I don’t know.
I am 30. A girl you may know or may not – doesn’t matter.
I was 20 when I lost my virginity to a man. I'm still not sure if I can call him a man. At that point, I wanted to marry him, settle down, have a family. Everyone told it was wrong. That he was the wrong guy. Of course, he was. I didn’t realize.
At 24, I realized I had fucked up my conventional career already. The “Man” was gone. I didn’t know what to do in my life, but the quest for love continued.
At 25, I was way past the score of 3. I am talking of three guys in just 5 years. In your mind, I am either a ‘lost case’ or is probably someone who doesn’t know how to control hormones.
At 26, I was again in love. I moved in with him. Stay together for good two years before I realized this isn’t what I was looking for.
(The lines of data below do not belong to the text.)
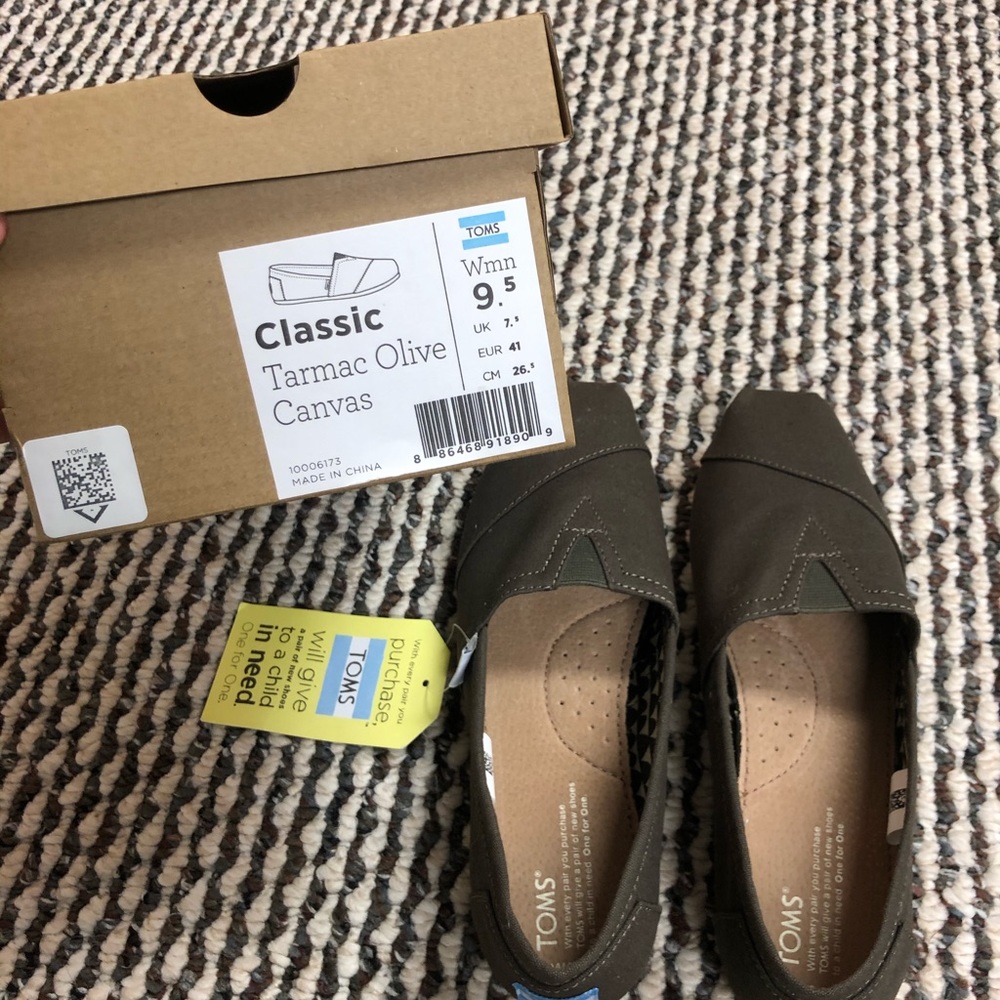 Brand new classic tarmac olive canvas tom’s w9.5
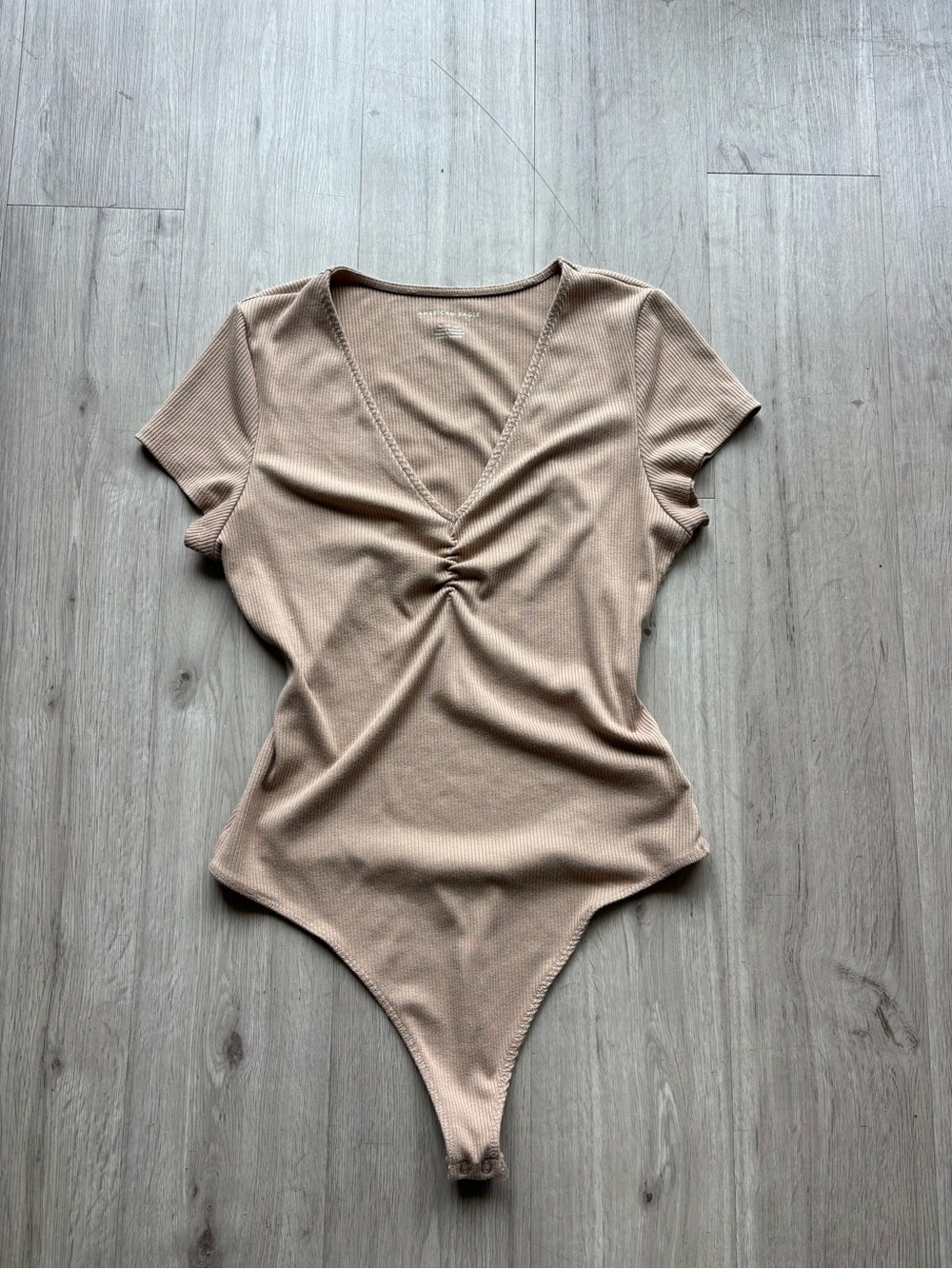 American Eagle Outfitters Taupe Ribbed Ruched V-Neck Short Sleeve Bodysuit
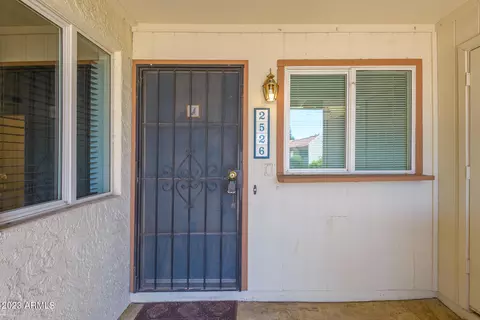 2526 W Eugie Ave, Phoenix, AZ 85029 photo 3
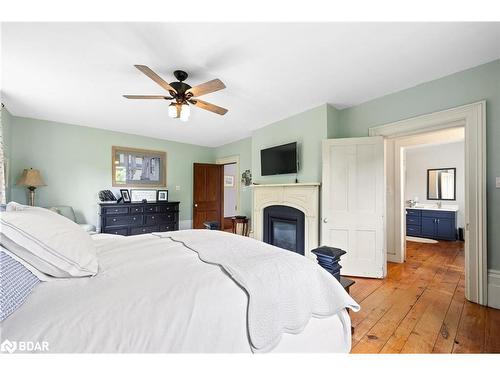 311 Tollendal Mill Road, Barrie, ON - Indoor Photo Showing Bedroom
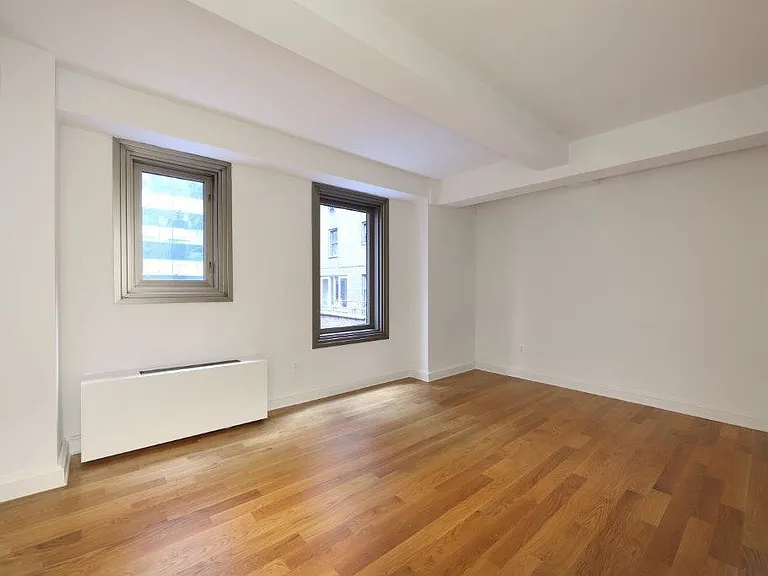 101 W 55th St #9012 — Photo 5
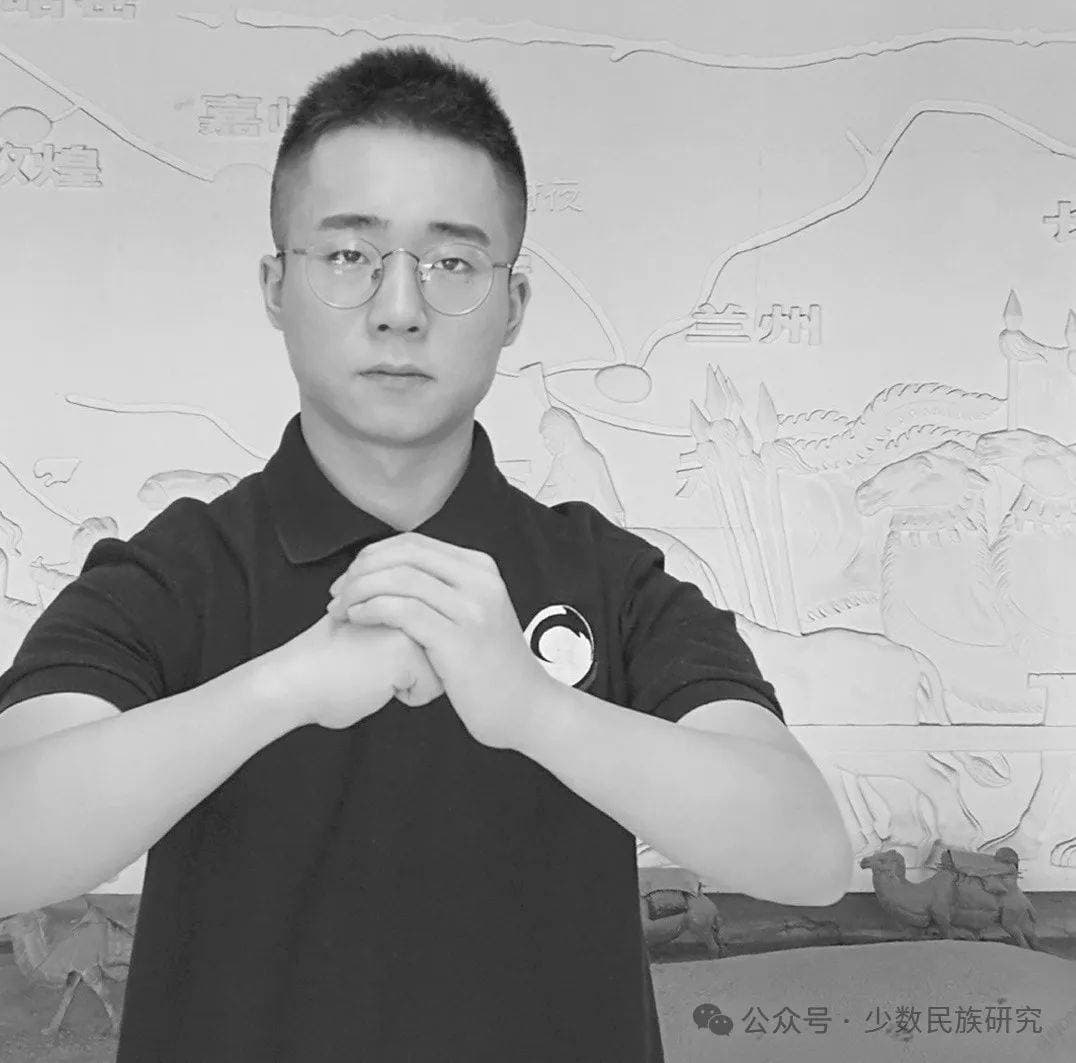 太极拳的两种礼仪：抱拳礼与拱手礼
I wanted something more than a marriage, a baby. I dumped him too.
At 30, I'm in a relationship of two years, and I am still not sure if this is “The” man. Yes, we are pretty much in love, have supported each other in the hard days, but there’s always a question in my head – “Do I really want to marry him?” What's the point of all this?
Perhaps, I am trying to say is – I am not sure of anything in my life. I am a confused dickhead, who was and is still confused. Doesn’t make me better or worse than you. I don’t know if marrying a guy or giving birth to a baby solves my existential crisis
or am I just running away from responsibility? I, again, don’t know.
This brings me to an important question – “Is it okay to not know at 30?” I don’t know again.